*** Extracted data Section Begins ***

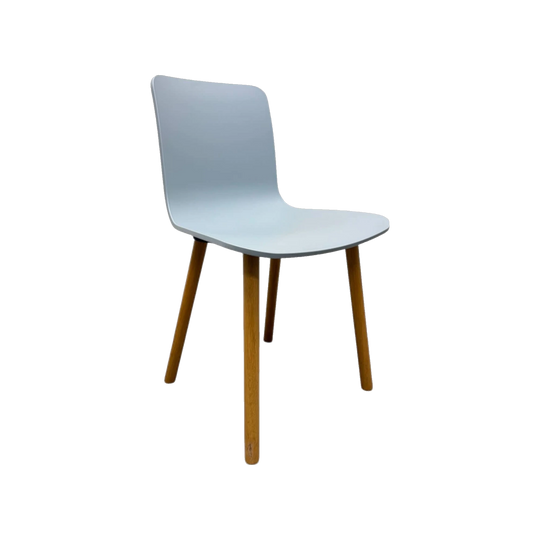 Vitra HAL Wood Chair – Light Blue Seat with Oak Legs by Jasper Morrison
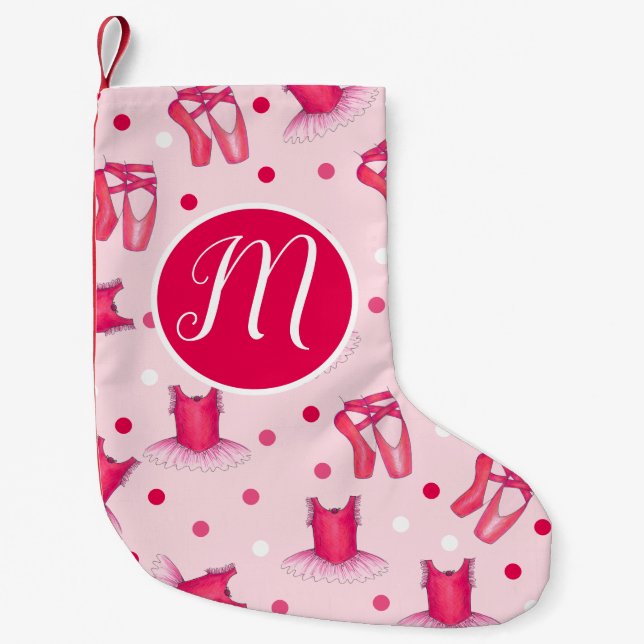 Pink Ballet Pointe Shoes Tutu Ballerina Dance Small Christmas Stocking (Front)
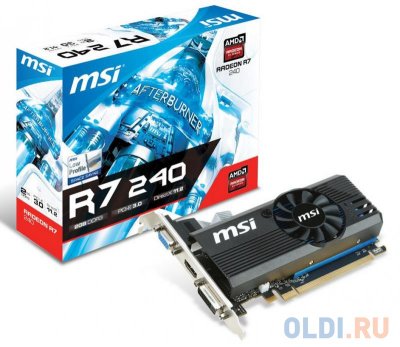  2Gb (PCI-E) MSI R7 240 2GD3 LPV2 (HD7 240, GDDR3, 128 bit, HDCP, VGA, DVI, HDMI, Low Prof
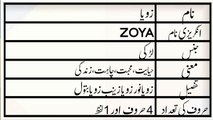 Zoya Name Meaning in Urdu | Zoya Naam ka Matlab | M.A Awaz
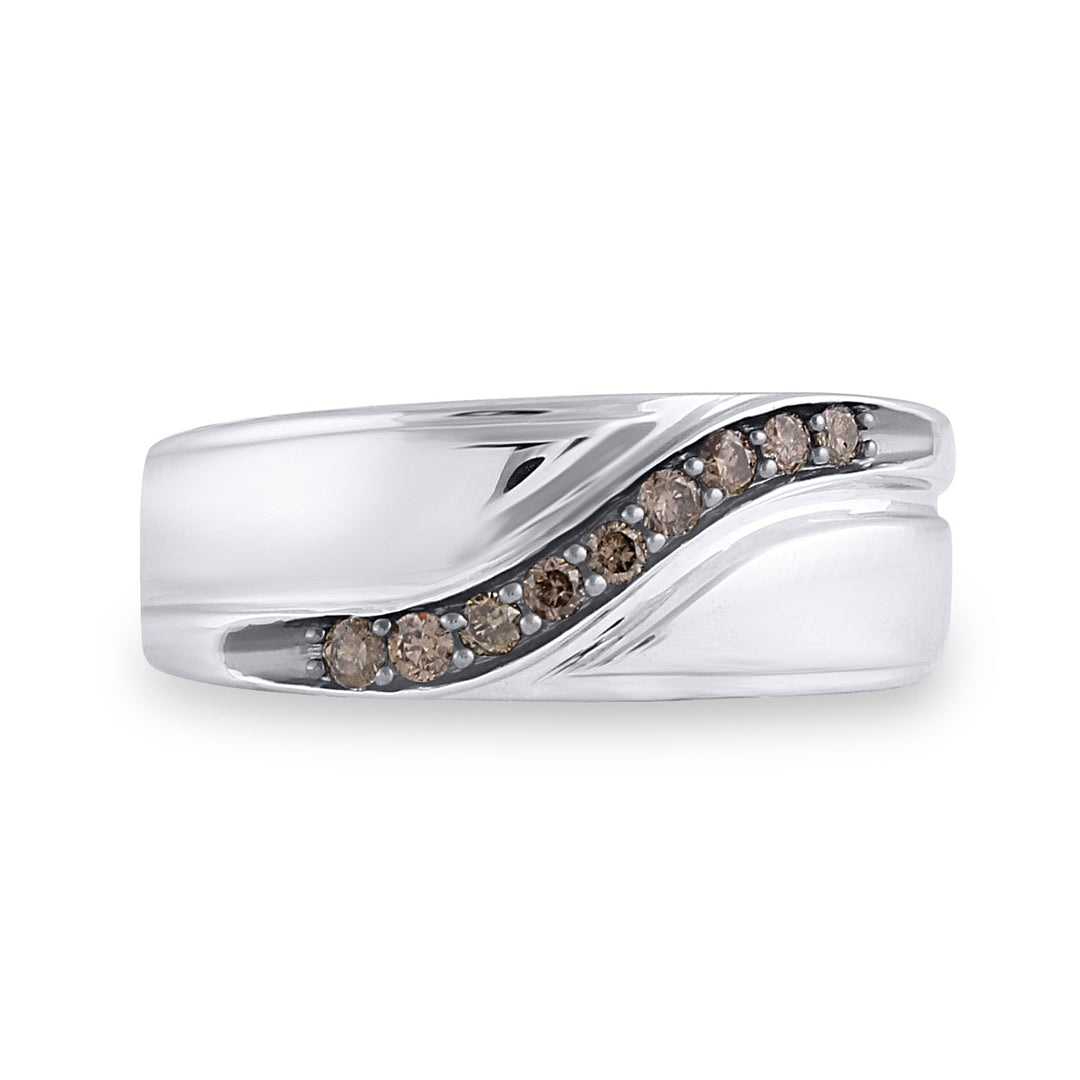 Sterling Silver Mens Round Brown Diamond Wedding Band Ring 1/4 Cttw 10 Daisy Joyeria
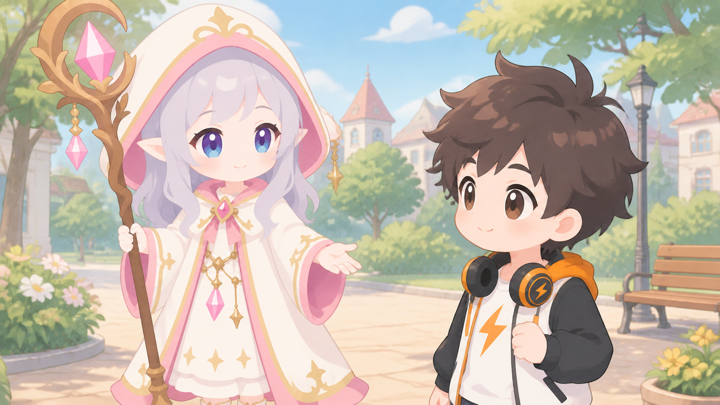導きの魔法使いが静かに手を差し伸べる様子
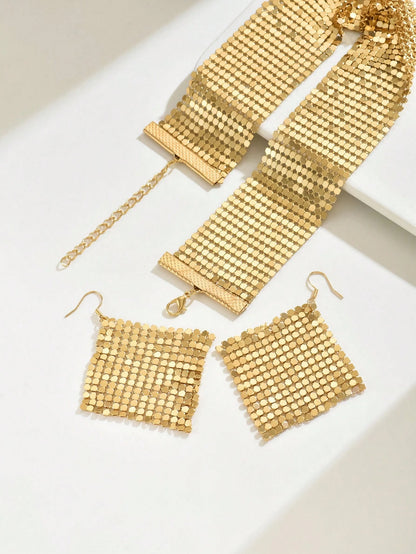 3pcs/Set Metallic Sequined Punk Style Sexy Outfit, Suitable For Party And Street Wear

*** Extracted data Section Ends ***
*** Extracted data Section Begins ***

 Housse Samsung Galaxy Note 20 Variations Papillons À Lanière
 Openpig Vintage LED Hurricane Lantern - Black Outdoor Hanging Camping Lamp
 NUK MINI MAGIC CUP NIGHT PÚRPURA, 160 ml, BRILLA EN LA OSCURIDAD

*** Extracted data Section Ends ***

Extract from the material above the stretch running from the line containing "Vitra HAL Wood" through the line containing "Sterling Silver Mens". Keep the text exact and the pictures out.

 Vitra HAL Wood Chair – Light Blue Seat with Oak Legs by Jasper Morrison
 Pink Ballet Pointe Shoes Tutu Ballerina Dance Small Christmas Stocking (Front)
  2Gb (PCI-E) MSI R7 240 2GD3 LPV2 (HD7 240, GDDR3, 128 bit, HDCP, VGA, DVI, HDMI, Low Prof
 Zoya Name Meaning in Urdu | Zoya Naam ka Matlab | M.A Awaz
 Sterling Silver Mens Round Brown Diamond Wedding Band Ring 1/4 Cttw 10 Daisy Joyeria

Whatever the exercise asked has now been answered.